▶ _Material to process_:
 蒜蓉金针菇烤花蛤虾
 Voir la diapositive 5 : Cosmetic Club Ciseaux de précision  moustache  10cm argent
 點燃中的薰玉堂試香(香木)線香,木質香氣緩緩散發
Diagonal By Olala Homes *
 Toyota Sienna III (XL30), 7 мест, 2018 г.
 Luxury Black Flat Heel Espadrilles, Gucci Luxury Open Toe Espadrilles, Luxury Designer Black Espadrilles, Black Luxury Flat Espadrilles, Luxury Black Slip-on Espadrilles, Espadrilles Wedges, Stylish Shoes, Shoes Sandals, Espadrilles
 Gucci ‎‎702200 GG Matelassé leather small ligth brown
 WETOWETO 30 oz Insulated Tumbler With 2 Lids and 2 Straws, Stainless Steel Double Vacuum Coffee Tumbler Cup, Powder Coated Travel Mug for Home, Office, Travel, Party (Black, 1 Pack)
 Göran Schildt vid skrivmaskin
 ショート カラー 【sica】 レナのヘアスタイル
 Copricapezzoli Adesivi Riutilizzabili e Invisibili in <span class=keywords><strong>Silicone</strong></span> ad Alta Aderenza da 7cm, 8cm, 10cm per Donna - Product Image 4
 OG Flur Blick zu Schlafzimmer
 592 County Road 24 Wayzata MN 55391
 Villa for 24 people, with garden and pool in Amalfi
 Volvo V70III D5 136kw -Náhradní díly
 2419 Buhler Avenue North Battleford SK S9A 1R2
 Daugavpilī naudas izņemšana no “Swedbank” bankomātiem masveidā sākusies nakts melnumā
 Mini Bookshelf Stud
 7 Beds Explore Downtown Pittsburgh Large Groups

▶ _What the task asks_: Once you have read the listing, retype it in full, word for word.

▶ _Output of the exercise_:
 蒜蓉金针菇烤花蛤虾
 Voir la diapositive 5 : Cosmetic Club Ciseaux de précision  moustache  10cm argent
 點燃中的薰玉堂試香(香木)線香,木質香氣緩緩散發
Diagonal By Olala Homes *
 Toyota Sienna III (XL30), 7 мест, 2018 г.
 Luxury Black Flat Heel Espadrilles, Gucci Luxury Open Toe Espadrilles, Luxury Designer Black Espadrilles, Black Luxury Flat Espadrilles, Luxury Black Slip-on Espadrilles, Espadrilles Wedges, Stylish Shoes, Shoes Sandals, Espadrilles
 Gucci ‎‎702200 GG Matelassé leather small ligth brown
 WETOWETO 30 oz Insulated Tumbler With 2 Lids and 2 Straws, Stainless Steel Double Vacuum Coffee Tumbler Cup, Powder Coated Travel Mug for Home, Office, Travel, Party (Black, 1 Pack)
 Göran Schildt vid skrivmaskin
 ショート カラー 【sica】 レナのヘアスタイル
 Copricapezzoli Adesivi Riutilizzabili e Invisibili in <span class=keywords><strong>Silicone</strong></span> ad Alta Aderenza da 7cm, 8cm, 10cm per Donna - Product Image 4
 OG Flur Blick zu Schlafzimmer
 592 County Road 24 Wayzata MN 55391
 Villa for 24 people, with garden and pool in Amalfi
 Volvo V70III D5 136kw -Náhradní díly
 2419 Buhler Avenue North Battleford SK S9A 1R2
 Daugavpilī naudas izņemšana no “Swedbank” bankomātiem masveidā sākusies nakts melnumā
 Mini Bookshelf Stud
 7 Beds Explore Downtown Pittsburgh Large Groups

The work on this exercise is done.